How big is the shipment favorability that reverses in Q3, and when do innovation benefits show? (UBS)
About a point of favorability from higher shipments ahead of consumption, largely tied to the final January ERP manufacturing phase prebuild, will reverse in Q3; most innovation shelf resets occur late Q3 or early Q4, so a significant share ramp is expected then.
How should we think about price mix and the back-half gross margin drivers? (Citi)
Price mix is expected to be about a 1-point headwind for the year (Q2 about flat) from value-seeking and channel shifting, partially offset by net revenue management; back-half gross margin expands versus a contracting front half on higher cost-savings run rate, falling ERP stabilization costs, and about 50 bps from the Glad JV termination, with Q3 about flat and solid Q4 expansion.

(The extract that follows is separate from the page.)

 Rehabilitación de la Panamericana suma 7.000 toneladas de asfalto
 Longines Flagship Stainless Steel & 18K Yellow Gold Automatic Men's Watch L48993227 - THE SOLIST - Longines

Why is there still a digital/ERP investment adjustment if the ERP is done? (Evercore)
The company is wrapping up the five-year digital transformation investment, with about $0.08 of adjustment in Q3 being the last; ongoing technology investment continues within the P&L, generally offset by productivity savings from automation.
Would you take price investment off the table given the pressured consumer? (BNP Paribas)
No; the company has made selective, disciplined strategic price investments (notably in trash bags and some home care) funded by holistic margin management, and would do more if needed, while noting private label was up only 0.1 share point and consumers still want brands.
What is the risk of distraction or destocking as activity shifts to club and e-commerce? (Raymond James / TD Cowen)
RGM capabilities let the company design the right pack for each retailer at scale; trade-up to larger sizes in club is offset by downward sizing pressure in dollar channels, keeping price mix in a reasonable range; enterprise retail inventory levels are about where expected with no material destocking flagged.